#### PROBLEM TO SOLVE
If a line holds an image, leave the image out; write out everything else in the records exactly.

#### DATA TO PROCESS

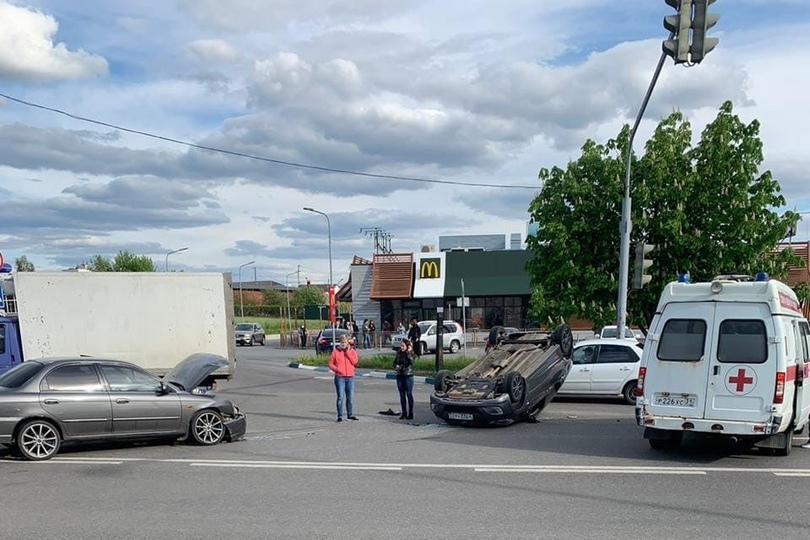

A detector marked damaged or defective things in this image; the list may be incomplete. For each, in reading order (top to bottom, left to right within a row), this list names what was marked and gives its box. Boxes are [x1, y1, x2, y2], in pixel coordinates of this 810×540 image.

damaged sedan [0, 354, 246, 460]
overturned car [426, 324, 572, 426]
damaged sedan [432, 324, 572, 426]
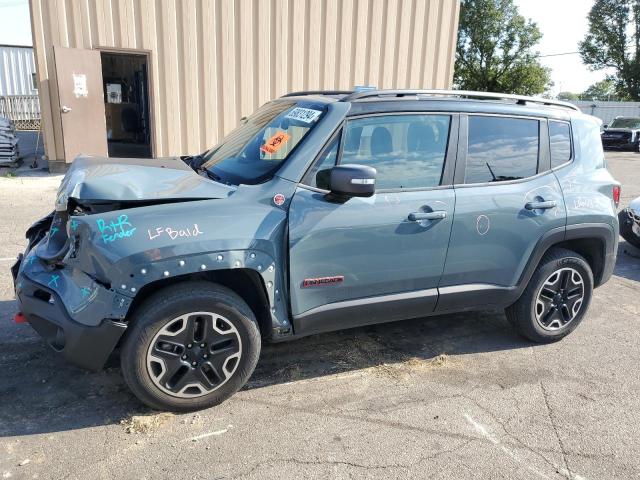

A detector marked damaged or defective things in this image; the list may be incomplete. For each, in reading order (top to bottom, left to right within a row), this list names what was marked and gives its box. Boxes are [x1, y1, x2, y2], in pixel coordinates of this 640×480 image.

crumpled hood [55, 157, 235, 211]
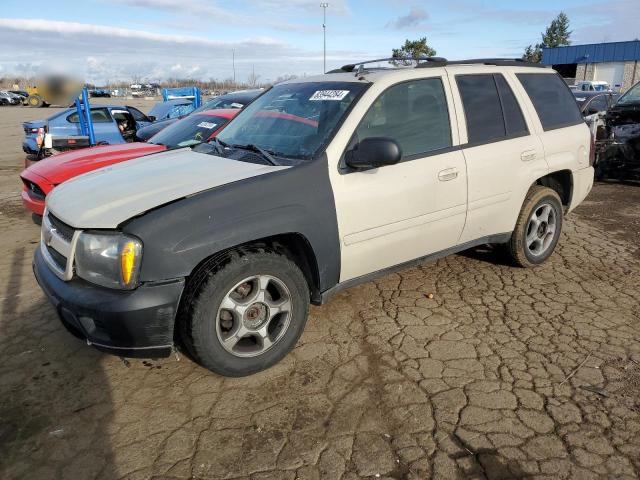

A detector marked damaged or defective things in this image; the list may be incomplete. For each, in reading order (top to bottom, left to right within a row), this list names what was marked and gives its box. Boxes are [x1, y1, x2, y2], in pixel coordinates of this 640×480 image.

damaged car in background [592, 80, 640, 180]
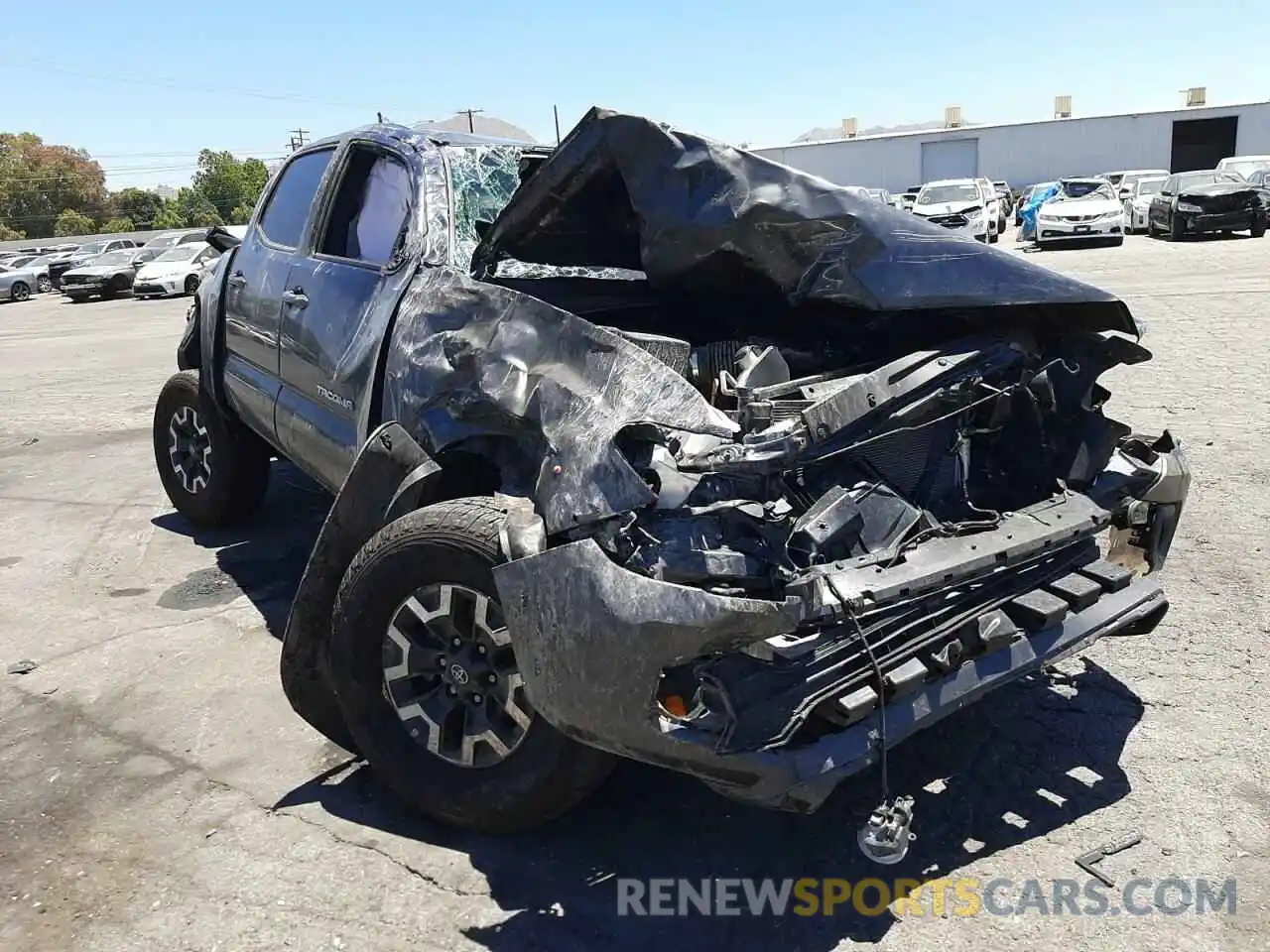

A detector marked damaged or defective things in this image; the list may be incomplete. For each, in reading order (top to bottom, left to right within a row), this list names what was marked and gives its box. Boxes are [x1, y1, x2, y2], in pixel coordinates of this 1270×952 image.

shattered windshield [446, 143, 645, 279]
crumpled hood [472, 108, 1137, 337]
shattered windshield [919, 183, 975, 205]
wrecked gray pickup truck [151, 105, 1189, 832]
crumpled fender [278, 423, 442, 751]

#### YOUR SOLUTION
A detector marked damaged or defective things in this image; the list may be incomplete. For each, in reading order (top to bottom, left to right within a row), this list names what was marked and gives its box. Boxes are [x1, y1, x2, y2], in pixel coordinates of this 810×540 image.

damaged sedan [0, 354, 246, 460]
overturned car [426, 324, 572, 426]
damaged sedan [432, 324, 572, 426]

A detector marked damaged or defective things in this image; the list may be incomplete. For each, in reading order (top to bottom, left to right within a row), this list names what was marked and gives its box. Boxes are [x1, y1, x2, y2], in pixel coordinates of this 640×480 image.

crumpled hood [55, 157, 235, 211]

A detector marked damaged or defective things in this image; the list may be incomplete. For each, in reading order (top to bottom, left to right within a row), this list names what was marked and gives its box. Boxes are [x1, y1, x2, y2], in pixel coordinates of this 640×480 image.

damaged car in background [592, 80, 640, 180]

A detector marked damaged or defective things in this image; the list may be incomplete. For each, in reading order (top to bottom, left to right within a row), this list names what was marked and gives its box. Boxes are [x1, y1, x2, y2], in pixel coordinates of this 1270×952 image.

shattered windshield [446, 143, 645, 279]
crumpled hood [472, 108, 1137, 337]
shattered windshield [919, 183, 975, 205]
wrecked gray pickup truck [151, 105, 1189, 832]
crumpled fender [278, 423, 442, 751]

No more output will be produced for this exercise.